Despite a recent government report that found we have enough gas for 184 years of domestic consumption – not including potential shale gas deposits – some in the community feel we need to quarantine gas for local industry. While this debate is often couched in terms of protecting supply the real contention is price.
But to see the development of additional gas resources we need an efficient and effective gas market to provide the price signals necessary for innovation and investment to occur. Fluctuating prices based on supply and demand changes characterise a healthy, functioning market. And ultimately they deliver the best results for consumers.
We also see fluctuations every day in the prices of commodities such as iron ore, wheat and coal. But we don’t see a debate around the need to reserve iron ore, wheat, or coal, as a means of bolstering Australia’s steel or grain industries.
As we move towards the G20 in November, the B20 of which Shell’s a member, has set up a trade task force. This is focusing on increasing the emphasis on the trade in services and wider moves to liberalise trade and resist and wind back protectionism. According to analysis by the World Economic Forum if every nation improved two key non-tariff barriers halfway towards what is considered best practice, global GDP could increase by $2.6 trillion and global trade by $1.6 trillion.
The lesson here is clear – open markets increase economic activity, and ultimately this benefits people.

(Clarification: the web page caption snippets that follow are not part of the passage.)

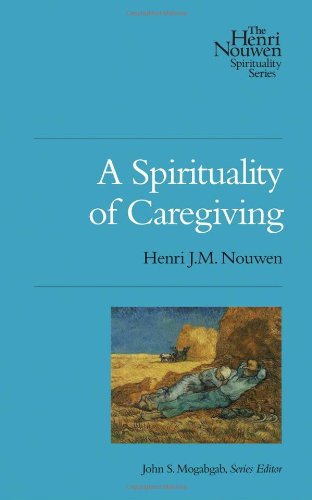 A Spirituality of Caregiving (Henri Nouwen Spirituality) - Henri J.m. Nouwen - Livros - Upper Room - 9780835810456 - 1 de abril de 2011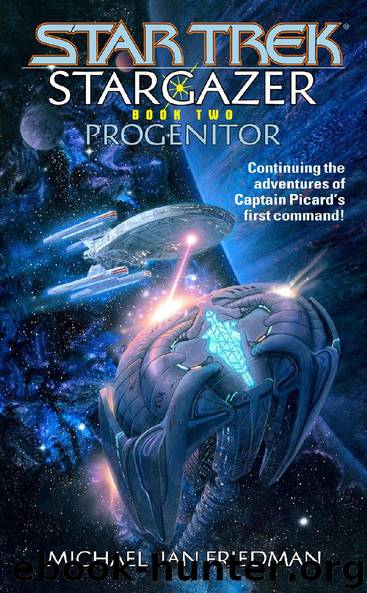 Star Trek: The Next Generation: Stargazer: Progenitor by Michael Jan Friedman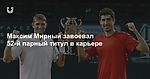 Максим Мирный завоевал 52-й парный титул в карьере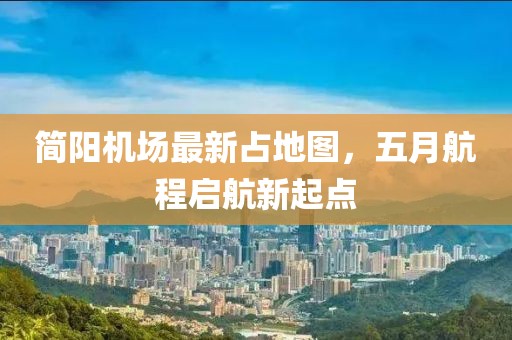 简阳机场最新占地图，五月航程启航新起点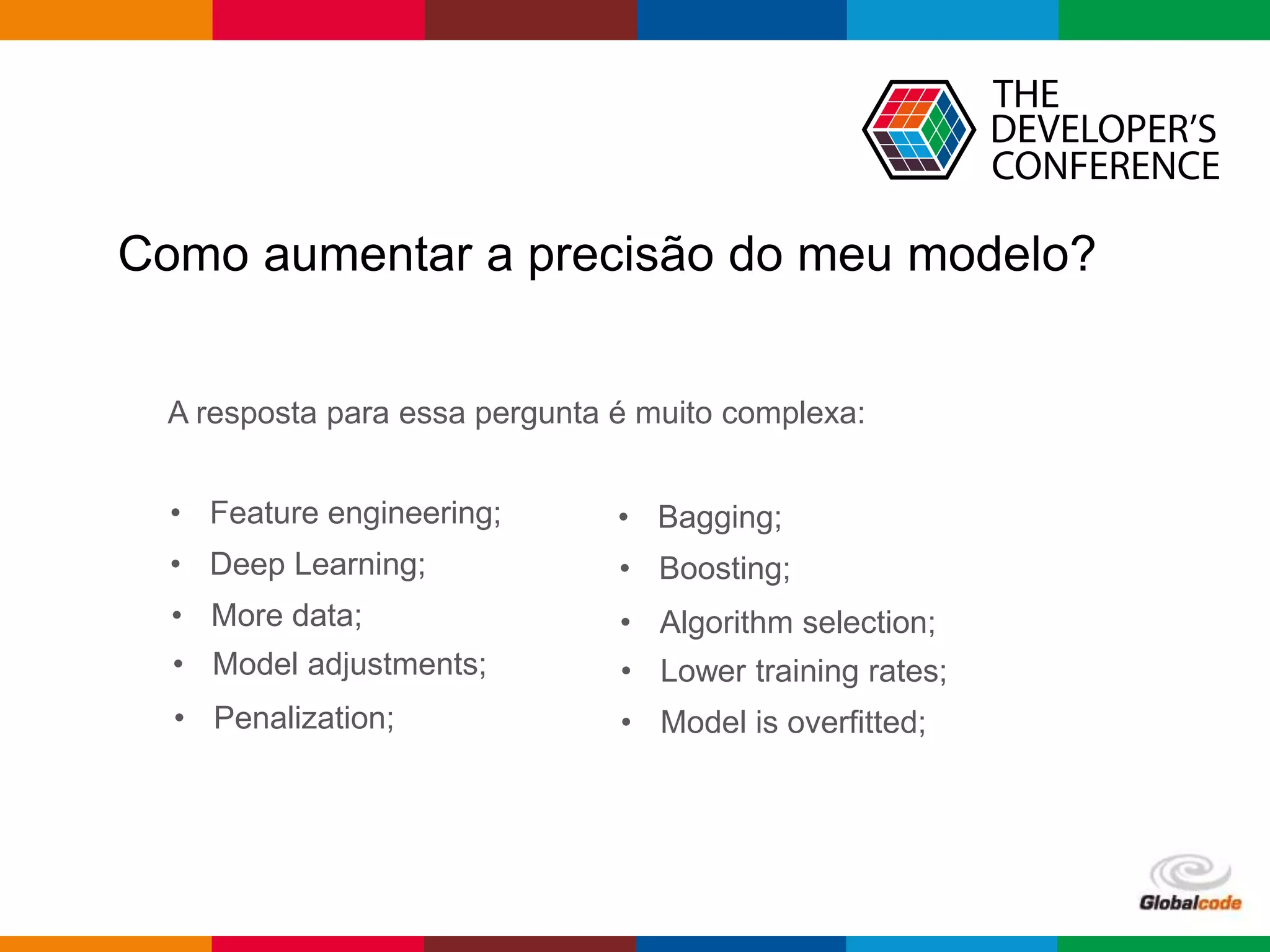 Globalcode – Open4education
Como aumentar a precisão do meu modelo?
A resposta para essa pergunta é muito complexa:
• Feature engineering;
• Deep Learning;
• More data;
• Model adjustments;
• Penalization;
• Bagging;
• Boosting;
• Algorithm selection;
• Lower training rates;
• Model is overfitted;
 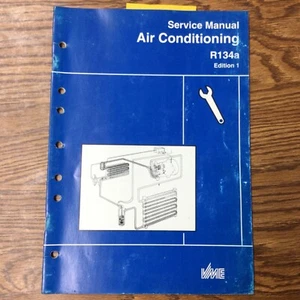 Volvo R134a AC AIR CONDITIONING SERVICE SHOP REPAIR MANUAL GUIDE BOOK 2116696632 - Picture 1 of 3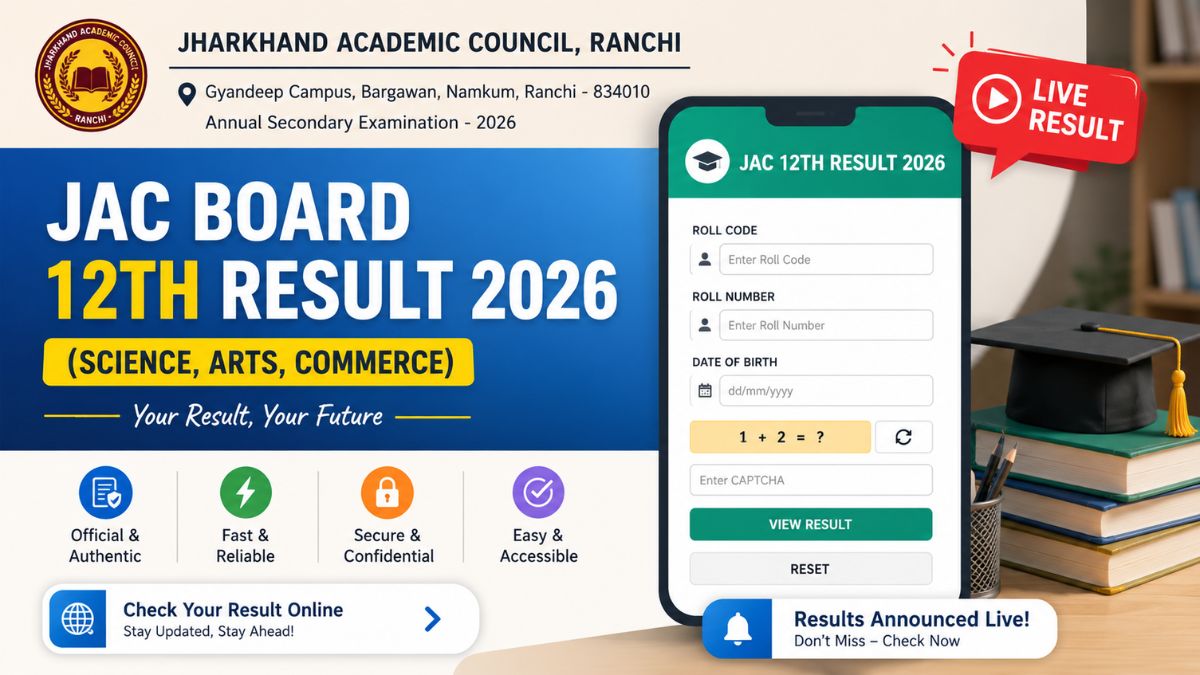 JAC Board 12th Result 2026, JAC 12th Result 2026 Live, Jharkhand Board 12th Result, JAC Science Arts Commerce Result, JAC Result Direct Link,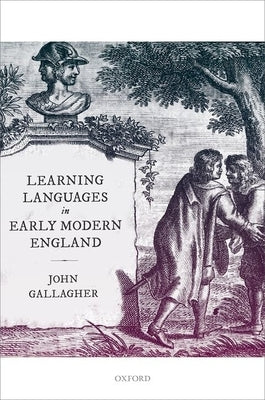 Learning Languages in Early Modern England by Gallagher, John
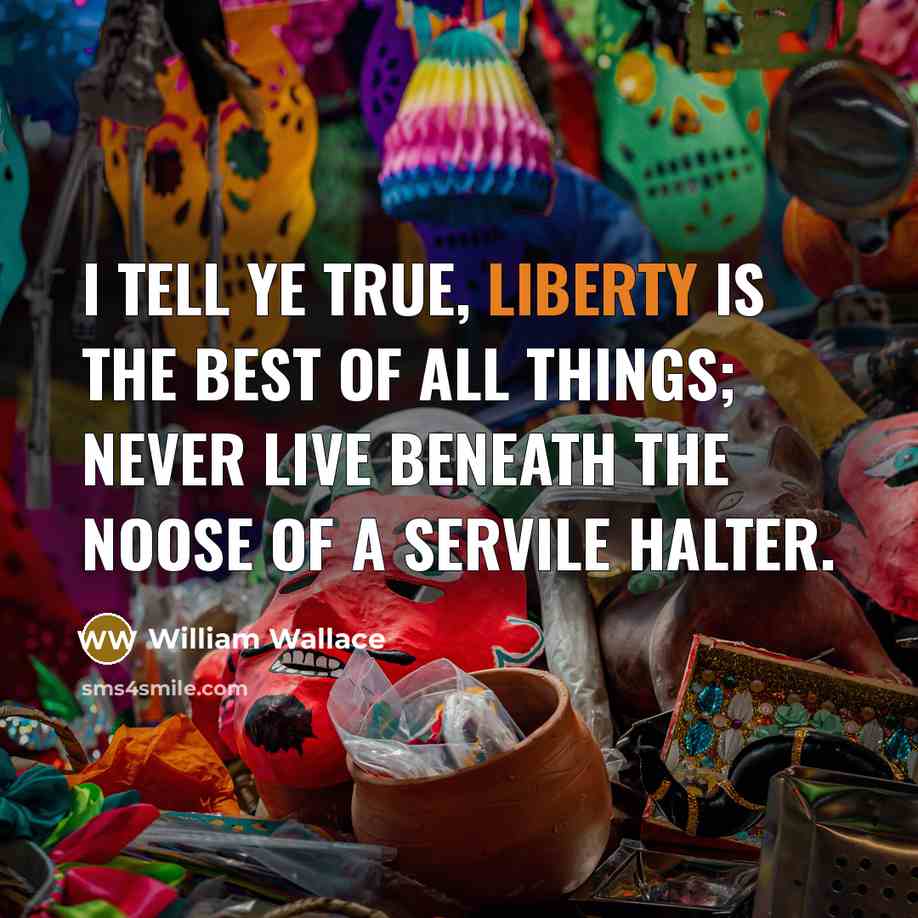 “I tell ye true, liberty is the best of all…” quote by William Wallace
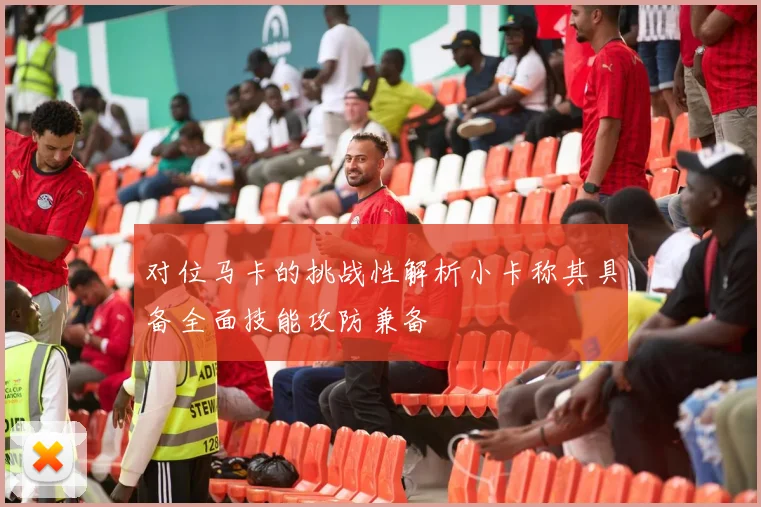 对位马卡的挑战性解析小卡称其具备全面技能攻防兼备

At the same time I believe the business community understands dealing with growing global challenges will require innovation, leadership and resolve in dealing with our own need to become competitive internationally. Put simply, industry will need to become more innovative, collaborative and self-sufficient. In closing, the challenge for policy makers, business leaders, the Australian workforce and the community is to focus less on the short term issues that dominate investment and electoral cycles.
From industry we must see greater collaboration and from our political leaders we must see a greater level of bipartisan cooperation on the important issues.
If I could close by revisiting the observation that the mining boom made everything appear easy. We must continue to respond to a new set of challenges, and we need to remember why. While the topics I have raised may appear dry – responding to these challenges is key to providing safe well paying jobs for our children.